Fixed-term home loans surged in popularity during the Covid pandemic as many lenders cut their fixed mortgage rates below 2%. Once those terms expire, some borrowers may be in for a shock as their home loans reset at a much higher interest rate.

Borrowers who took out a fixed mortgage have so far been protected from the Reserve Bank of Australia’s interest rate rises while their fixed term remains in place.

Deciding what to do when your fixed-rate ends can make a big impact on your cashflow.

What happens when your fixed rate ends?

When your fixed term is nearing its end, your lender and mortgage broker will usually contact you to let you know what your options are.

You will then have to decide whether to re-fix your loan at a new rate, switch to a variable rate, or refinance with a new lender.

  • Re-fix: If you re-fix your loan, you’ll also need to decide how long you’re fixing it for – usually between one and five years.
  • Variable: If you prefer the variable rates on offer, you can opt to switch.
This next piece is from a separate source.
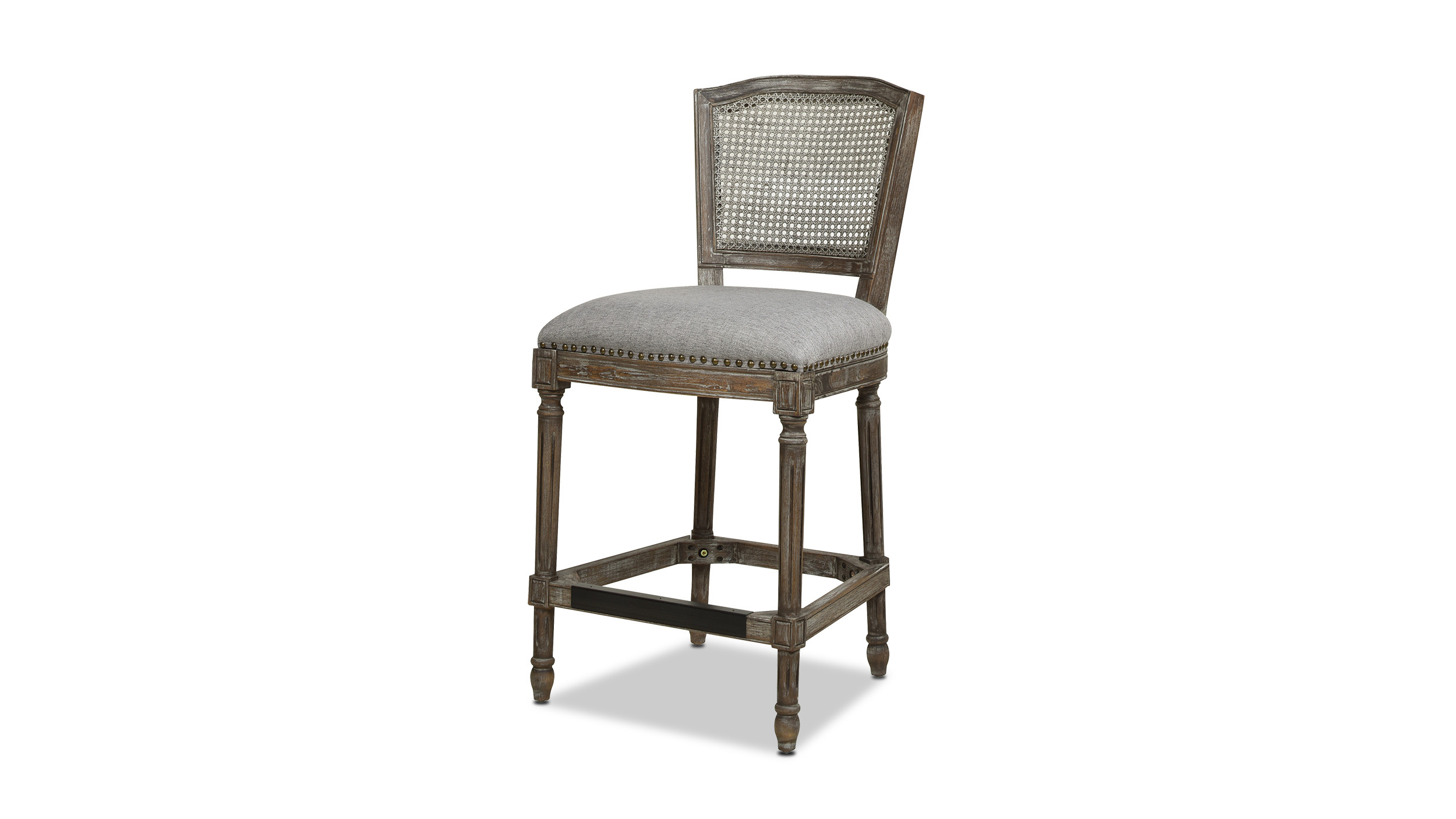 Triomphe Rattan Wicker High Back Armless Counter Height Bar Stool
A broker can often help you negotiate a lower variable rate than the ‘revert rate’ a lender will offer.
  • Refinance: If you have enough equity in your property, you may also be able to refinance with a new lender when your fixed term ends. A mortgage broker will be able to talk you through your options.

When your fixed term is nearing the end, the worst thing you can do is nothing.

If you simply let the fixed term lapse, your lender will likely switch your loan to its revert rate, known as the ‘standard variable rate’, which can be much higher than some of the discounted options available to new borrowers. It’s a win for the lender but not for the borrower.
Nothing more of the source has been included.